From the Global Health Policy Community
- USAID Working To Improve Public Health In India
Writing in the White House Blog, Jill Biden, wife of Vice President Joe Biden, discusses a recent trip to India and how the USAID Health and Urban Poor (HUP) Program is working in settlements near the Taj Mahal to improve health infrastructure, connect residents with health services and track mothers and their children by name. “The partnership between USAID and the government of India to improve the lives of the residents of the settlement was impressive to witness,” she writes, adding, “After traveling to Africa, nutrition advancement has been an area of interest to me and I am proud that USAID has decided to partner with the Indian government to help end malnutrition.” The post includes a video discussing several of the programs (7/23).
- Essay Examines Access Issues Surrounding Medicines For NCDs In Developing Countries
In an essay published in PLOS Medicine, Thomas Bollyky, a senior fellow for global health, economics and development at the Council on Foreign Relations (CFR), examines “new controversy [emerging] over patented medicines [for non-communicable diseases (NCDs)] and their affordability in developing countries.” He notes, “India, China, and other middle-income countries have taken measures to circumvent patents on medicines for diabetes, cancer, and cardiovascular and chronic respiratory illnesses — the [NCDs] increasing most rapidly in low- and middle-income countries,” and he writes, “Addressing this latest treatment-access crisis will require another transformation in global health [similar to that which took place surrounding HIV/AIDS], this time focusing on NCDs, low-cost interventions, and patient-centered strategies” (7/23).
- Partnerships Under MPP Key To Lowering Antiretroviral Therapy Costs
The ONE blog features an interview with Esteban Burrone, head of policy for the Medicines Patent Pool, who discusses how antiretroviral drugs used to treat HIV became less expensive over the past decade, allowing for millions more people living with the virus to receive treatment.

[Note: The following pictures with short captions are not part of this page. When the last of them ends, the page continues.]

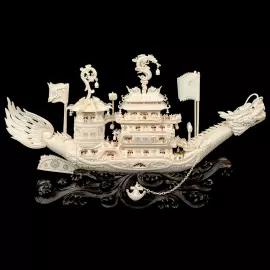 Композиция из бивня мамонта "Чанлэ Вэйян рисует лодку-дракона"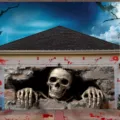 Pancarta realista 3D calavera Halloween para puerta de garaje decoración exterior fiesta - Mano de Esqueleto (CK-013) / 150x100cm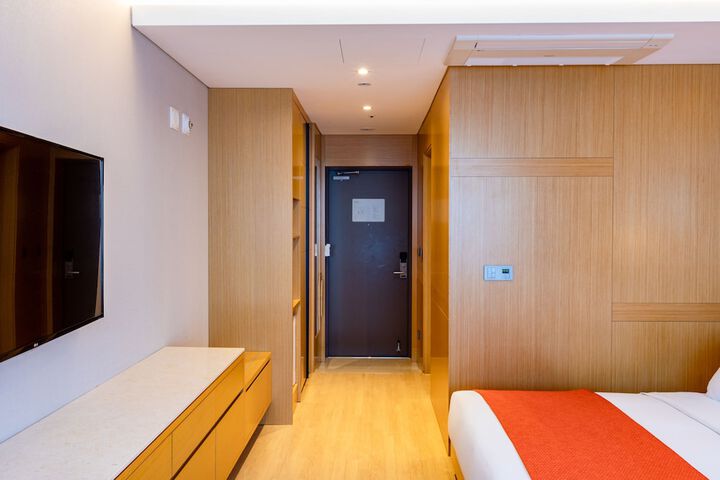 Room 18 of 72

Burrone says partnerships with pharmaceutical companies have been key in reducing the cost of treatment, and he adds, “Our focus is now on drugs under development and second- and third-line medicines, which patients need when they develop resistance” (7/23).
- Global Health Experts Examine Key Strategies To Tackle Drug Resistant Malaria
In a post in The Guardian’s “Global Development Professionals Network,” global health experts weigh in on “key strategies to tackle drug-resistant malaria.” The blog provides commentary from Tamara Bugembe, a pediatric registrar at the Bamenda Regional Hospital in Bamenda, Cameroon; Jörg Möhrle, head of translational medicine at Medicines for Malaria Venture in Geneva; Kefas Mugittu, director and senior consultant for Muvek Development Solutions Ltd. in Dar es Salaam, Tanzania; Prudence Hamade, a senior technical adviser for the Malaria Consortium in London; Georgina Humphreys, a researcher with the World Wide Antimalarial Resistance Network (WWarn) in Oxford; Sanjeev Krishna, a professor of molecular parasitology and medicine at St George’s, University of London; Angus Spiers, deputy director for the malaria and child survival department at Population Services International (PSI) in Washington, D.C.; Colin James Sutherland, a reader in parasitology at the London School of Hygiene & Tropical Medicine; and Jasson Urbach, director of Africa Fighting Malaria in Durban, South Africa (Young, 7/23).